= St. Clare's Monastery (Duncan, British Columbia) =

St. Clare's Monastery is a monastery of the Order of St. Clare in Duncan, British Columbia, Canada. The nuns of the order also go by the name "Poor Clares". They are a contemplative community of women who live the charism of Saint Clare of Assisi and form the Second Order in the movement started by Saint Francis of Assisi.

==History==
In 1912, three nuns came to Victoria, British Columbia from New Orleans, Louisiana. They established on December 8, 1912, the first English-speaking monastery of the Primitive Observance of St. Clare in Canada. While the community grew for a time, the climate proved difficult for many members of the community, and most returned to the monastery in New Orleans.

Three of the nuns decided to remain and struggled for years establishing their way of life in the remoteness of Vancouver Island.
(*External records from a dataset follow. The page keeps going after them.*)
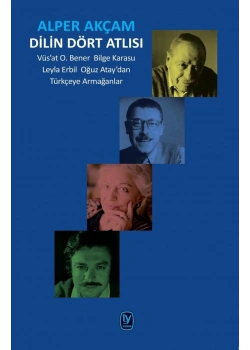 Dilin Dört Atlısı Alper Akçam Tekin Yayın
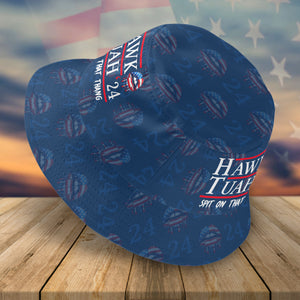 Hawk Tuah 24 Spit on That Thang Bucket Hat HA75 62880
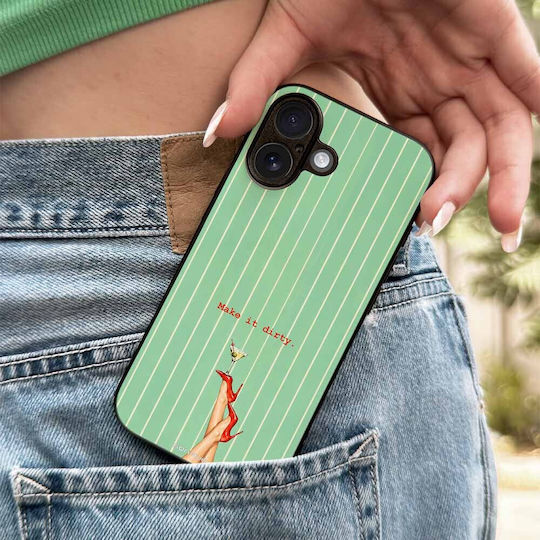Sonique Stripe Stories Series Xiaomi Xiaomi 17 Pro Max 5G Martini Handyhüllen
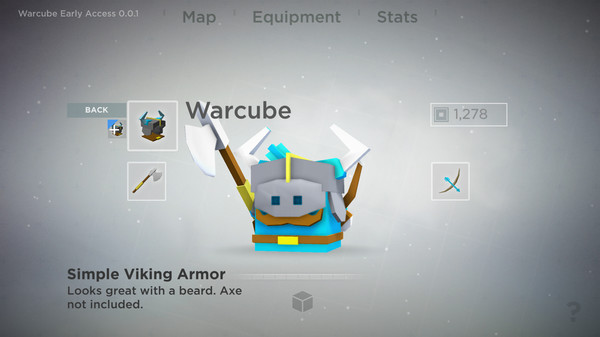 Screenshot 3 of Warcube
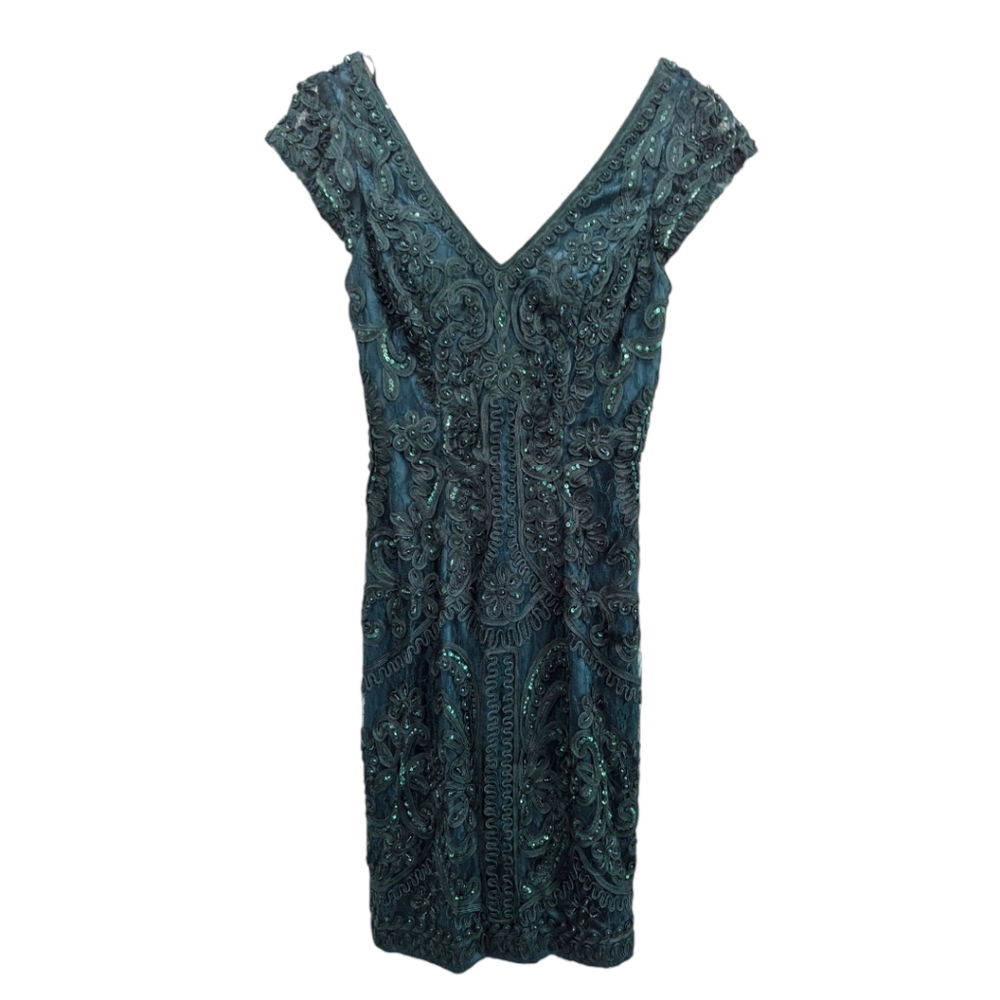 Sue Wong Sequin Dress size 4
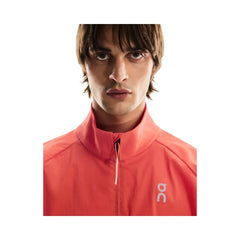 On All-Day 1/2 Zip Jacket Coral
Eventually they began to receive applicants who preserved in their way of life, and the community took root.

Due to the growing urbanization of the city of Victoria, and the difficulty of maintaining the large monastery which they had built, the community relocated in 1973 to Duncan. They remain a small community, numbering only eight in 2010, but the natural beauty of their current setting provides a setting they find more conducive to their way of life. In 2012 they celebrated 100 years of ministry in the Diocese of Victoria.

In September 2018 the 5 remaining sisters moved from their large building at 2359 Calais Road in Duncan to the smaller former residence of the Franciscan Friars just across the road. They now live out their contemplative life of prayer at 2382 Calais Road.